Between June and August 2000, discussions between Skanska and Somerfield took place as to the scope and terms of the ultimate FMA they would enter into. Skanska submitted a tender on 14 July 2000, which was revised in a number of respects in the next month. By mid-August 2000 the position was as follows. There was an incomplete draft of the proposed FMA, namely the June FMA, which if finalised would govern the relationship between the parties for some three years. Pursuant to Somerfield's request, Skanska submitted its tender, which had been subjected to a number of revisions and was itself subject to a number of negotiations. The parties accordingly envisaged that there would have to be further negotiations before the June FMA, as amended by agreement, could or would eventuate into a contract.
However, Somerfield wanted to receive the provision of maintenance services immediately. In those circumstances Somerfield wrote a letter to Skanska on 17 August 2000. The letter was headed "Subject To Contract" and was in the following terms, save that the paragraphs were un-numbered, but I have numbered them for ease of reference:
"Dear Sirs, Facilities Management Agreement
We refer to the invitation to tender ("Tender") sent to you on 19th June 2000 for the provision to us of preventative and reactive maintenance services ("Services") in, respect of the major plant and related equipment. located in our stores in regions two (2) six (6) and eight (8) as detailed in the Tender.
We now wish to appoint you to provide us with the Services, which are more particularly described in the contract (ref.: JRB/2240842 DRAFT 3 - 14th June 2000) ("Contract") enclosed with the Tender.
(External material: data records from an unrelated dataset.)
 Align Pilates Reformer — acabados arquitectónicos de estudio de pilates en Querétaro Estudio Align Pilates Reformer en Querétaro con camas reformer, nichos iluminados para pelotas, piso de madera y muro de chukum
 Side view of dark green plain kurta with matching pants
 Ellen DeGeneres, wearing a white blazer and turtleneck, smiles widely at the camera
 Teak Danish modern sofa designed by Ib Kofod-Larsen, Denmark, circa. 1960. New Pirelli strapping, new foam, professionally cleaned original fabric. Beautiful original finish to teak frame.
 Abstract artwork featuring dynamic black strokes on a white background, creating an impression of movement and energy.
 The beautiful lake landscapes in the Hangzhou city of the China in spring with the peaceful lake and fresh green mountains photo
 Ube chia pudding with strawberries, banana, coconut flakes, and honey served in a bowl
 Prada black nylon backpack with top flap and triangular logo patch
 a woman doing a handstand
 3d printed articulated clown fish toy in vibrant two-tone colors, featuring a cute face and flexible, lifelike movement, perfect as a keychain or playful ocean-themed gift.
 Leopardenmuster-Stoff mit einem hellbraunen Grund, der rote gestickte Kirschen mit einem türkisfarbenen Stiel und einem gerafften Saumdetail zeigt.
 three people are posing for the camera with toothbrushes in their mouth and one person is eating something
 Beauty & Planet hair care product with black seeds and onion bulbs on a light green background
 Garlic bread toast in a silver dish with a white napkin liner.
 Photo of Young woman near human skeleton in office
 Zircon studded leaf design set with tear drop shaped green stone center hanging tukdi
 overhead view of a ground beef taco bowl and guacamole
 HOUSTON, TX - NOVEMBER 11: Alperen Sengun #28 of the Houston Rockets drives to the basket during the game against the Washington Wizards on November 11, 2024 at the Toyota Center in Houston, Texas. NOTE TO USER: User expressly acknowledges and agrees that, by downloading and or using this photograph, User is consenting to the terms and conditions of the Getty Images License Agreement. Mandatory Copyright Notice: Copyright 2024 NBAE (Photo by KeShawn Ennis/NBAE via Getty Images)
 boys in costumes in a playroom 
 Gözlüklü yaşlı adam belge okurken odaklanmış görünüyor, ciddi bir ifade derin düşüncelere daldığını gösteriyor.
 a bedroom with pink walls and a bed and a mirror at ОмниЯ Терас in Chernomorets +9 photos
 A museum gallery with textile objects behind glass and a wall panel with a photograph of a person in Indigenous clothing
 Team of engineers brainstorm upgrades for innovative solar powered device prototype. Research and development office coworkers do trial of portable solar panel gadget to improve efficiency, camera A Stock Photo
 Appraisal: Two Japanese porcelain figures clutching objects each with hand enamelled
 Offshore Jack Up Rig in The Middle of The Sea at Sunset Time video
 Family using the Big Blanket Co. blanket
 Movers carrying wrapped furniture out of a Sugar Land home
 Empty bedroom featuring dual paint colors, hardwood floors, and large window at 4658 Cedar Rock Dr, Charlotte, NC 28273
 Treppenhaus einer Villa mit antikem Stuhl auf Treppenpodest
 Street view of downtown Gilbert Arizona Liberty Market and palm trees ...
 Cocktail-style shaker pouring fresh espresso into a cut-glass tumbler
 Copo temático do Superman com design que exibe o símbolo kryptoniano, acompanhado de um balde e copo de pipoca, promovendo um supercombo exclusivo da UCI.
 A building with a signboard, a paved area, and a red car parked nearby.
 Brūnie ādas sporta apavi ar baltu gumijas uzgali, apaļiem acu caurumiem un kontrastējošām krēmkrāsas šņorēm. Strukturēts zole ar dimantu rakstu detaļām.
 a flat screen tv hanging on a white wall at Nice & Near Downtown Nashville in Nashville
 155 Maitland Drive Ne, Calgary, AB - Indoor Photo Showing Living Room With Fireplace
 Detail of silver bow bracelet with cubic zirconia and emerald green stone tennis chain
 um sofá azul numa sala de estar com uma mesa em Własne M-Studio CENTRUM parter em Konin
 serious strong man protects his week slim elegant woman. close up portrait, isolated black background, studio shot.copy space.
This appointment is, however, strictly subject to contract, and to the approval of our board. As soon as this letter has been signed, we both undertake to commence good faith negotiations with a view to completing and signing a mutually acceptable contract derailing the terms of your appointment as soon as is reasonably practicable ("the Agreement"). No commitment from either of us relating to the provision of the Services shall (subject to the remaining provisions of this letter) arise until we have both signed the Agreement
We agree to negotiate exclusively with you in respect of the Services until we give you notice indicating otherwise, save that we may negotiate the termination of our existing arrangements with our existing suppliers relating to the provision of any services similar to the Services.
In consideration of the above, and whilst we am negotiating the terms of the Agreement, you will provide the Services under the terms of the Contract from 28th August 2000 (or such other date as we may advise to you) until 27th October 2000 ("the Initial Period"), such Services to be provided at the prices detailed in the Tender return provided by you (as subsequently amended) as the same are more particularly itemised on the attached schedule.
In agreeing to the Services being provided on the above basis during the Initial Period, neither of us is in any way fettering our discretion to seek additional or different provisions or prices when negotiating the detailed terms of the Agreement. We acknowledge that you will be expending time, resources and expense during the Initial Period, and in preparing to provide the Services after the Initial Period. Such expenses will include staff recruitment and the purchase of equipment. We, therefore, agree to reimburse your reasonable wasted costs and expenses should the Agreement not be signed or should we unilaterally withdraw from, or otherwise terminate, negotiations prior to signature of the Agreement PROVIDED ALWAYS that our liability under this paragraph shall not in any event exceed …"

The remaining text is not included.